Reputation: 43
I'm attempting to webscrape tax-rates.org to get the average tax percentage for each county in Texas. I have a list of 255 counties in an csv file which I import as "TX_counties", it's a single column table. I have to create the URL for each county as a string, so I set d1 to the first cell using [i,1], then concat it into a URL string, perform the scrape, then add +1 to [i] which makes it go to the second cell for the next county name, and the process continues.
The problem is I can't figure out how to store the scrape results into a "growing list" which I then want to make into a table and save to .csv file at the end. I'm only able to scrape one county at a time and then it re-writes over itself.
Any thoughts? (fairly new to R and scraping in general)
i <- 1
for (i in 1:255) {
d1 <- as.character(TX_counties[i,1])
uri.seed <- paste(c('http://www.tax-rates.org/texas/',d1,'_county_property_tax'), collapse='')
html <- htmlTreeParse(file = uri.seed, isURL=TRUE, useInternalNodes = TRUE)

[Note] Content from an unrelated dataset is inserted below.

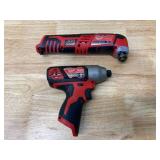 MILWAUKEE 12V 1/4" Hex Impact Driver and MILWAUKEE Mult-Tool (Tools Only)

avg_taxrate <- sapply(getNodeSet(html, "//div[@class='box']/div/div[1]/i[1]"), xmlValue)
t1 <- data.table(d1,avg_taxrate)
i <- i+1
}
write.csv(t1,"2015_TX_PropertyTaxes.csv")
Upvotes: 4
Views: 927
Reputation: 86
you should first initialise a list to store the data scraped with each loop. make sure to initialise it before you go into the loop
then, with each iteration, append on to the list before starting the next iteration. see my answer here
Web Scraping in R with loop from data.frame
Upvotes: 0
Reputation: 78792
This uses rvest
, provides a progress bar and takes advantage of the fact that the URLs are already there for you on the page:
library(rvest)
library(pbapply)
pg <- read_html("http://www.tax-rates.org/texas/property-tax")
# get all the county tax table links
ctys <- html_nodes(pg, "table.propertyTaxTable > tr > td > a[href*='county_property']")
# match your lowercased names
county_name <- tolower(gsub(" County", "", html_text(ctys)))
# spider each page and return the rate %
county_rate <- pbsapply(html_attr(ctys, "href"), function(URL) {
cty_pg <- read_html(URL)
html_text(html_nodes(cty_pg, xpath="//div[@class='box']/div/div[1]/i[1]"))
}, USE.NAMES=FALSE)
tax_table <- data.frame(county_name, county_rate, stringsAsFactors=FALSE)
tax_table
## county_name county_rate
## 1 anderson Avg. 1.24% of home value
## 2 andrews Avg. 0.88% of home value
## 3 angelina Avg. 1.35% of home value
## 4 aransas Avg. 1.29% of home value
write.csv(tax_table, "2015_TX_PropertyTaxes.csv")
NOTE 1: I limited scraping to 4 to not kill the bandwidth of a site that offers free data.
NOTE 2: There are only 254 county tax links available on that site, so you seem to have an extra one if you have 255.
Upvotes: 3
Reputation: 3710
library(RCurl)
library(XML)
tx_c <- c("anderson", "andrews")
res <- sapply(1:2, function(x){
d1 <- as.character(tx_c[x])
uri.seed <- paste(c('http://www.tax-rates.org/texas/',d1,'_county_property_tax'), collapse='')
html <- htmlTreeParse(file = uri.seed, isURL=TRUE, useInternalNodes = TRUE)
avg_taxrate <- sapply(getNodeSet(html, "//div[@class='box']/div/div[1]/i[1]"), xmlValue)
return(c(d1, avg_taxrate))
})
res.df <- data.frame(t(res), stringsAsFactors = FALSE)
names(res.df) <- c("county", "property")
res.df
# county property
# 1 anderson Avg. 1.24% of home value
# 2 andrews Avg. 0.88% of home value
Upvotes: 2